Blood was collected from the posterior elbow vein of the subject under strict sterilization into a centrifuge tube preloaded with the anticoagulant ACD (Sigma-Aldrich; 85 mmol/L sodium citrate, 71.38 mmol/L citrate, 27.78 mmol/L glucose) in a ratio of ACD to whole blood of 1 : 7. Centrifugation was performed in a centrifuge at 300 g at room temperature for a time dependent on the volume of blood, with 20 mL of whole blood centrifuged for approximately 10 min. After centrifugation, the whole blood was stratified, and the upper layer of platelet-rich plasma (PRP) was carefully aspirated and centrifuged at 740 g at room temperature for a volume-dependent period of time of approximately 10 minutes for 10 mL of PRP. After centrifugation, platelets were precipitated and resuspended by gently blowing with pre-warmed Tyrode’s buffer (TB) to obtain the washed platelet (WP) suspension. The platelet concentration was measured, and the WP concentration was adjusted to approximately 3 × 10⁸ platelets/mL by adding TB in appropriate amounts.

Platelet aggregation was determined by the turbidimetric method using a dual-channel platelet aggregometer from Chrono-Log. The WP prepared in the above steps was placed in a 37°C oven. The platelet aggregometer was turned on, preheated to 37°C, and connected to a computer. Then, 400 μL of TB was added to the control tube as a reference. The turbidimetric tube was added with 300 μL of WP and inserted into the aggregometer. The drug and agonist were added when the baseline was stable to record the aggregation at a constant temperature and speed. Aggregation was induced by adenosine diphosphate, collagen, or thrombocyte adhesion, respectively.

Platelet Spreading Assay

The operation area was marked on the back of the slide, and 200 μL of a final concentration of 200 μg/mL fibrinogen (pH = 8.3, 0.1 mmol/L NaHCO₃) was added dropwise and left at 4°C overnight, followed by 200 μL of 5% BSA (Beyotime) for 60 minutes at room temperature. The concentration of the platelet suspension was adjusted to 1 × 10⁸ platelets/mL in both groups and allowed to stand for 30 minutes at 37°C. The platelets were added dropwise to the encapsulated slides at 37°C overnight and covered with 200 μL of Blocking Solution (BD Company) at 4°C for 20 minutes and wash buffer for 10 minutes. The wash buffer was aspirated, and 100 μL of FITC-phalloidin in 3% BSA was added dropwise and incubated at room temperature for 1 hour. The membrane was washed with PBS for 10 minutes 3 times, and the excess liquid was aspirated.

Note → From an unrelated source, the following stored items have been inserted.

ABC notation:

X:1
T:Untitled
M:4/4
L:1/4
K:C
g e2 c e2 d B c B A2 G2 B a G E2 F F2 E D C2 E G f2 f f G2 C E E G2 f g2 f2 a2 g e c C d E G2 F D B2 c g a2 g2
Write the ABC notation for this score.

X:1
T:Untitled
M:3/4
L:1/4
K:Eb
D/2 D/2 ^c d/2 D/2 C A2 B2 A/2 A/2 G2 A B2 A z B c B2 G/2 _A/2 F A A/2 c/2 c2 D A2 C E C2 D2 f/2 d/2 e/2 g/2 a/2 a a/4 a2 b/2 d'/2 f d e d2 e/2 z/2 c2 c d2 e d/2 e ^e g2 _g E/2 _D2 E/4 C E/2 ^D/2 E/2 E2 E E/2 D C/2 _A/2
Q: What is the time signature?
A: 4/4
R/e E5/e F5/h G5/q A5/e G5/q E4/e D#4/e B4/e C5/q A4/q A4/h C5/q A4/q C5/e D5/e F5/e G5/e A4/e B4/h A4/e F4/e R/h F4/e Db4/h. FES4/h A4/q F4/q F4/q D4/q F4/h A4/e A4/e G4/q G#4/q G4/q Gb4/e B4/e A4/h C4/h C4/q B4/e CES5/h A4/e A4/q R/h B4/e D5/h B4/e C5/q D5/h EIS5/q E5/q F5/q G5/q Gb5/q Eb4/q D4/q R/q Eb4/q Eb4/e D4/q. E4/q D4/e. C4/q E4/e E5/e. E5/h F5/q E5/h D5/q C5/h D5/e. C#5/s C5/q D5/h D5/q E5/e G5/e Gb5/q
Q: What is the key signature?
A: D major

Then, 20 μL of antifluorescence quencher was added, and nail polish was covered on the coverslip. The platelets were observed by fluorescence microscope (Leica), and the platelet spreading area was counted.

Cell Culture

Primary human umbilical vascular endothelial cells (HUVECs; CC-2517, Lonza) were routinely cultured (37°C, 5% CO₂) in endothelial cell medium (1001, Sciencell) containing 5% fetal bovine serum (Gibco; Thermo Fisher Scientific, Inc.) and endothelial cell growth supplement (MilliporeSigma). Human umbilical vascular endothelial cells with fewer than 7 passages and 80-90% confluence were used for the experiments. Human umbilical vascular endothelial cells were placed in serum starvation for 4 hours and then treated with HG (50 mM, Beyotime) and ox-LDL (50 μg/mL, ThermoFisher) for 24 hours.

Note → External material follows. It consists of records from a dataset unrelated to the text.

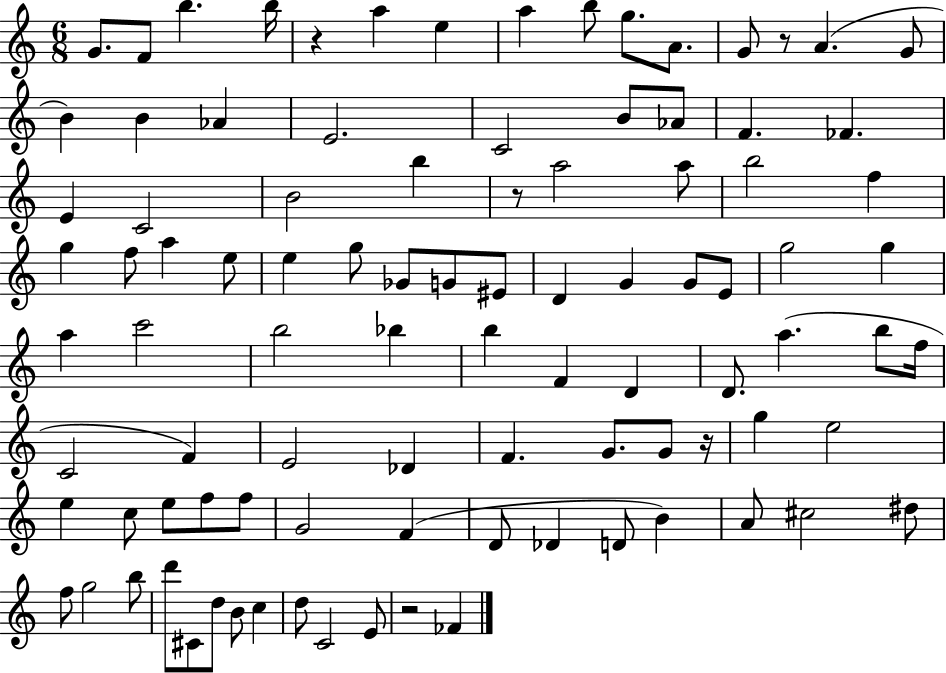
{
  \clef treble
  \numericTimeSignature
  \time 6/8
  \key c \major
  g'8. f'8 b''4. b''16 | r4 a''4 e''4 | a''4 b''8 g''8. a'8. | g'8 r8 a'4.( g'8 | \break b'4) b'4 aes'4 | e'2. | c'2 b'8 aes'8 | f'4. fes'4. | \break e'4 c'2 | b'2 b''4 | r8 a''2 a''8 | b''2 f''4 | \break g''4 f''8 a''4 e''8 | e''4 g''8 ges'8 g'8 eis'8 | d'4 g'4 g'8 e'8 | g''2 g''4 | \break a''4 c'''2 | b''2 bes''4 | b''4 f'4 d'4 | d'8. a''4.( b''8 f''16 | \break c'2 f'4) | e'2 des'4 | f'4. g'8. g'8 r16 | g''4 e''2 | \break e''4 c''8 e''8 f''8 f''8 | g'2 f'4( | d'8 des'4 d'8 b'4) | a'8 cis''2 dis''8 | \break f''8 g''2 b''8 | d'''8 cis'8 d''8 b'8 c''4 | d''8 c'2 e'8 | r2 fes'4 | \break \bar "|."
}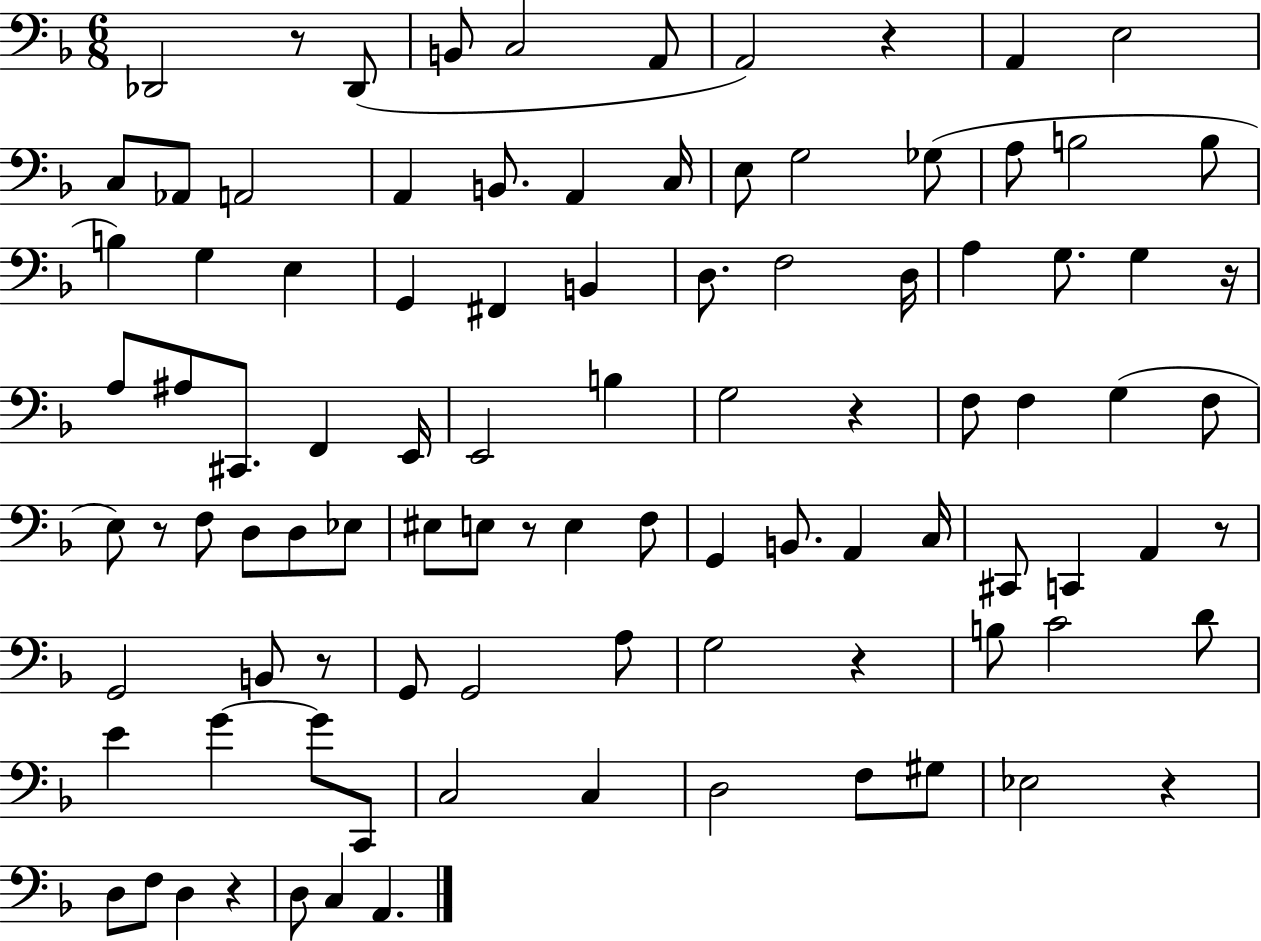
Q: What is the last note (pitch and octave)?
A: A2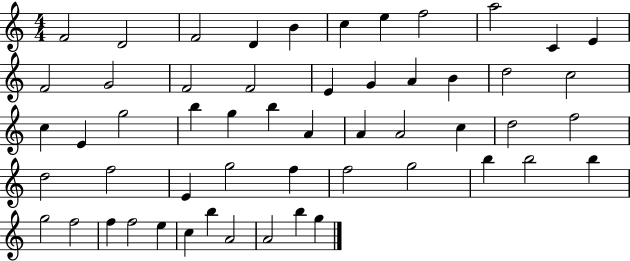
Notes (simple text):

F4/h D4/h F4/h D4/q B4/q C5/q E5/q F5/h A5/h C4/q E4/q F4/h G4/h F4/h F4/h E4/q G4/q A4/q B4/q D5/h C5/h C5/q E4/q G5/h B5/q G5/q B5/q A4/q A4/q A4/h C5/q D5/h F5/h D5/h F5/h E4/q G5/h F5/q F5/h G5/h B5/q B5/h B5/q G5/h F5/h F5/q F5/h E5/q C5/q B5/q A4/h A4/h B5/q G5/q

Human umbilical vascular endothelial cells were placed in 6-well plates and grown to 70-80% confluence, then treated with 1 μM Alprostadil (900100P-1MG, Cayman, Tallinn, Estonia) dissolved in DMSO for 48 hours.

MTT Determination

Human umbilical vascular endothelial cells were put in 96-well plates (2.5 × 10³ cells/well, 0.1 mL/well). Five time points from 1 to 5 days were set for the assay, respectively. The prepared MTT solution (20 μL, 5 mg/mL; Sigma-Aldrich) was added to each well and incubated for 4 hours at room temperature, after which the MTT solution was removed. Next, 200 μL of DMSO (Sigma-Aldrich) was added to each well, and the optical density (OD) value was detected at 570 nm using a microplate reader (NYW-96M, Beijing Nuoyawei Instrument, Beijing, China).

Flow Cytometry

The Annexin V-FITC apoptosis detection kit (Thermo Fisher Scientific) was used to identify apoptotic cells. Human umbilical vascular endothelial cells were placed in 6-well plates, each containing 5 × 10⁴ cells, and incubated overnight at ambient temperature. Human umbilical vascular endothelial cells underwent digestion using EDTA-free trypsin (0.25%, Beyotime) and were spun at 1200 rpm for 5 minutes to produce cellular precipitates. Cell precipitates were delicately reconstituted in 500 μL of 1 × Annexin V binding buffer and combined with 10 μL of Annexin V-FITC and 5 μL of propidium iodide for half an hour at ambient temperature, shielded from illumination. Using a FACS Calibur flow cytometer (BD Biosciences, NJ, USA), apoptotic (Annexin V-positive and PI-negative) and necrotic (Annexin V- and PI-positive) cells were identified.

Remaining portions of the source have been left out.